Part of our house renovation this year is to build a garage and tear down our rotting shed out back. The garage is built. Yesterday I finished my shed destruction.

Underneath the rubble I found an old plastic trash bag filled with leaves - they were leaves, anyway. Now the bag is filled with rich compost of humble humus.

The word "humble" has the same roots as humus... to be close to the ground... maybe it's humility that we are looking for when we say to somebody, "get grounded"... or "earth to Bob, where are you?" ( I hear that when I start thinking too much!). Another version of humility might be the common, "get real!" I never thought of those phrases as connected with humility.

But these phrases do remind us to stay connected, stay close to the ground, to stay located, not lost in oneself in a way that disconnects. In the New Testament, the Apostle Paul speaks of humility in Philippians 2. He connects the life of Jesus as one that is humble and describes it as a kind of "emptying" of personal power and any divine perogatives.

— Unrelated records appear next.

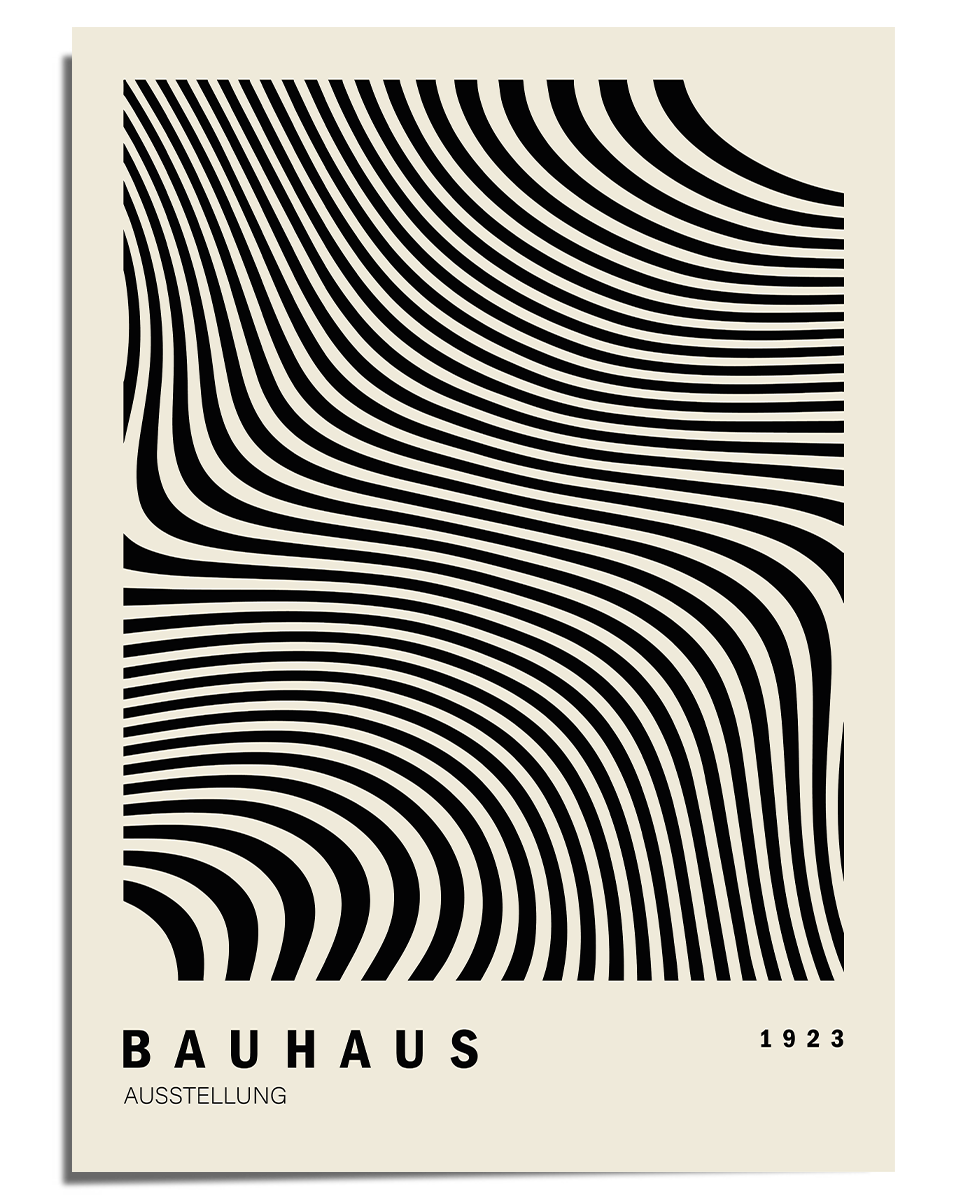 A black and white Bauhaus-style poster with curved, flowing lines that create an optical illusion of movement. The abstract design is complemented by simple text at the bottom reading "Bauhaus Ausstellung 1923" in a modernist typeface. The composition emphasizes geometric balance and visual impact, characteristic of Bauhaus and optical art influences.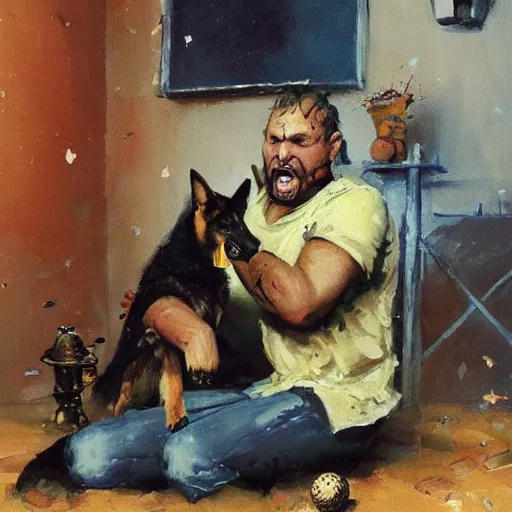 Image similar to a humanoid german shepherd beast - man, sitting and watching a soccer match in his house on television, he has hurt his knee and is a dad, by erin hanson, alexi zaitsev, karl spitzweg, award winning, tv set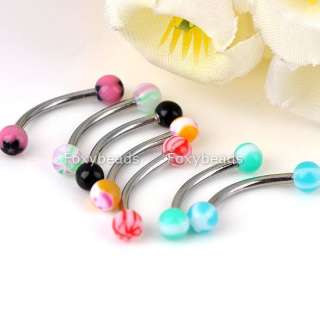  Mix Colorful UV Ball Barbell Eyebrow Rings Studs Stainless Steel Jewel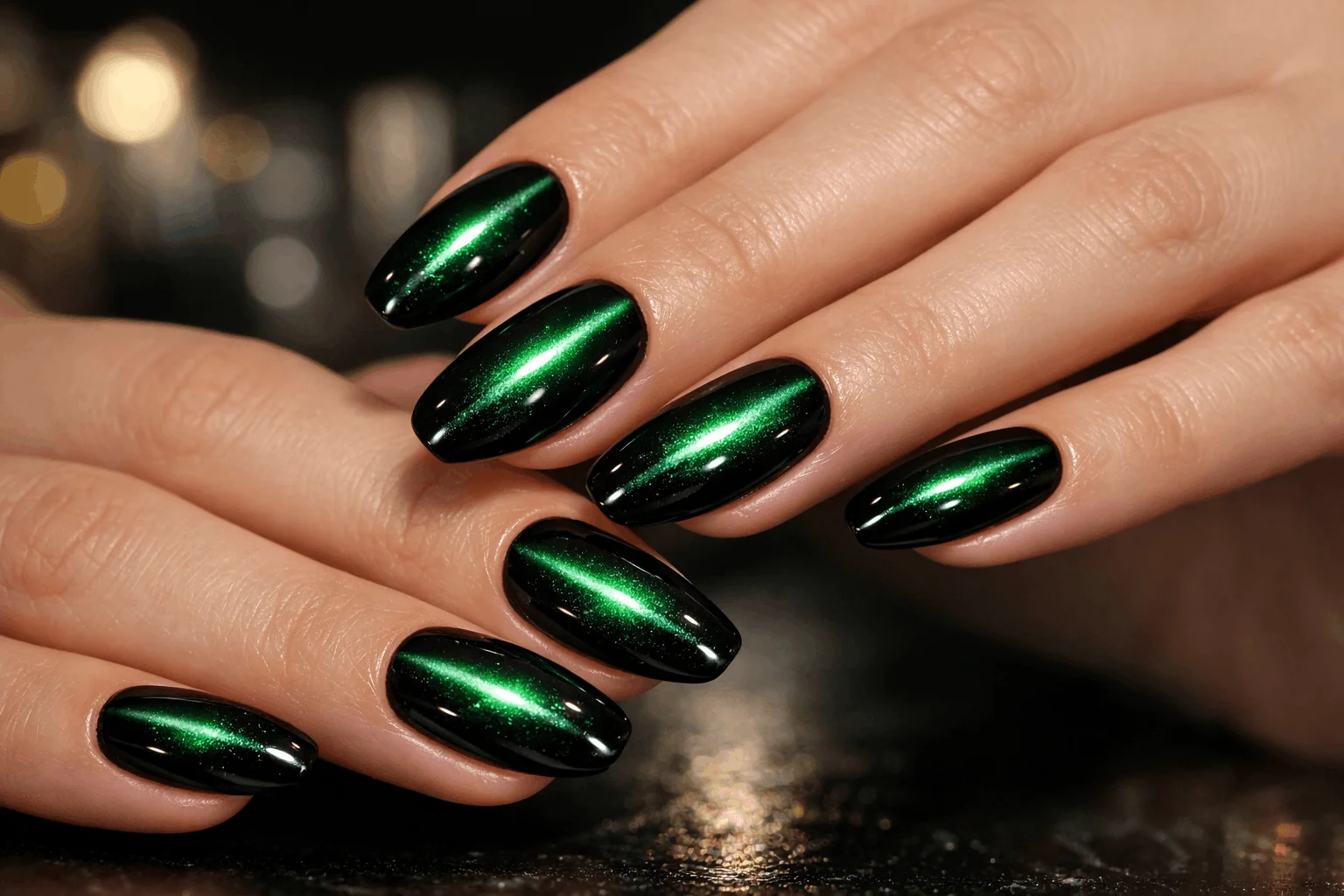 22 Cat Eye Nails That Instantly Elevate Your Manicure 1 Cat eye nails with magnetic shimmer and glossy salon finish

In interim ministry leadership, my goal is to help a congregation find its own "voice". That will empower them to do mission, be effective in their goals, to be and to do what God is calling them to be and to do. BUt as a transitional leader, if I stay full of myself (if I were your permanent pastor, I would...), if I can't let go my own preferences (why don't they like contemporary worship? They are nuts!), if I focus on my needs (if they don't come to terms with the last pastor's beloved status, I'm out of here) then I'm filling all the creative space with Bob and not the whole people of God.

Parker Palmer, somewhere in his book, The Courage to Teach, writes about this vtopic as a teaching challenge. When a teachersempty themselves of their own agendas, then they are creating space for the student (congregation?) to explore on their own terms, to discover their voice, to learn.

This is risky of course. Letting go of my way of teaching, leading, programming, means I let go of power to empower others. And of course that is exactly what Jesus did. He emptied himself and created new space for a new kind of life and a new kind of people, a new way of being and doing. He let go of the power that was his by "authority" and shared it with the world, with me.

That is humility. Good stuff grows in humus, but it takes the death and decay of nature to share the inner new life with the world.